3. Pemeriksaan laboratorium anjuran
Hemoglobin, hemotokrit, PT (prothrombin time) dan PTT (partial thromboplastin time). 6
E. TEKNIK SPINAL ANESTESI
Infus Dextrosa/NaCl/Ringer laktat sebanyak 500 - 1500 ml.
Oksigen diberikan dengan masker 6 - 8 L/mt.
Posisi lateral merupakan posisi yang paling enak bagi penderita.
Kepala memakai bantal dengan dagu menempel ke dada, kedua tangan memegang kaki
yang ditekuk sedemikian rupa sehingga lutut dekat ke perut penderita.
L3 - 4 interspace ditandai, biasanya agak susah oleh karena adanya edema jaringan.
Skin preparation dengan betadin seluas mungkin.
Sebelum penusukan betadin yang ada dibersihkan dahulu.
-- Beri anestetik lokal pada tempat tusukan, misalnya dengan lidokain 1-2 % 2-3 ml
Jarum 22 - 23 dapat disuntikkan langsung tanpa lokal infiltrasi dahulu, juga tanpa
introducer dengan bevel menghadap ke atas.
Kalau liquor sudah ke luar lancar dan jernih, disuntikan xylocain
5% sebanyak 1,25 - 1,5 cc.
Penderita diletakan terlentang, dengan bokong kanan diberi bantal sehingga perut
penderita agak miring ke kiri, tanpa posisi Trendelenburg.
Untuk skin preparation, apabila penderita sudah operasi boleh mulai.

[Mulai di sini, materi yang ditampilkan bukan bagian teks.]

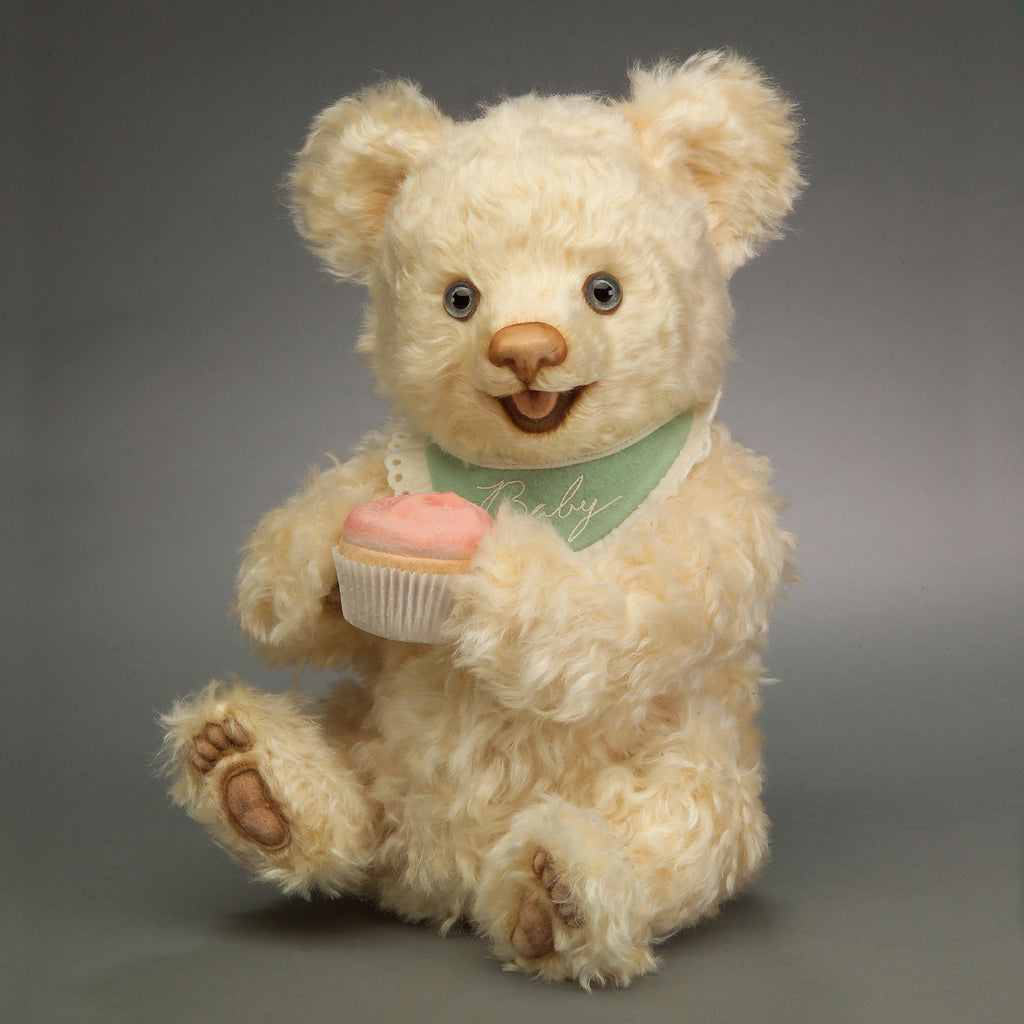 a teddy bear with a molded felt cupcake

Tensi penderita diukur tiap 2 - 3 menit selama 15 menit
pertama, selanjutnya tiap 15 menit.
Apabila tensi turun dibawah 100 mmHg atau turun lebih dari 20 mmHg dibanding semula,
efedrin diberikan 10 - 15 mgl.V.
Setelah bayi lahir biasanya kontraksi uterus sangat baik, sehingga tidak perlu diberikan
metergin IV oleh karena sering menimbulkan mual dan muntah-muntah yang mengganggu
operator. Syntocinon dapat diberikan per drip.
Setelah penderita melihat bayinya yang akan dibawa ke ruangan, dapat diberikan sedatif
atau hipnotika.6,9
Pada penusukan mungkin yang keluar bukan liquor tapi darah, sebab di bagian anterior
maupun posterior medulla spinalis terdapat sistim arteri dan vena. Apabila setelah 1 menit
liquor yang keluar masih belum jernih sebaiknya jarum dipindahkan ke segmen yang lain.
Bila liquor tidak jernih, sebaiknya anestesi spinal ini ditunda dan dilakukan analisa dari
liquor. Adapun jarum yang dipakai paling besar ukuran 22, kalau mungkin pakai jarum 23
atau 25. Makin kecil jarum yang kita pakai, makin kecil kemungkinan terjadinya sakit kepala
sesudah anestesi (post spinal headache). Obat spinal anestesi yang paling menonjol adalah
tetrakain dan dibukain, yang mempunyai efek kuat dan kerjanya lebih lama.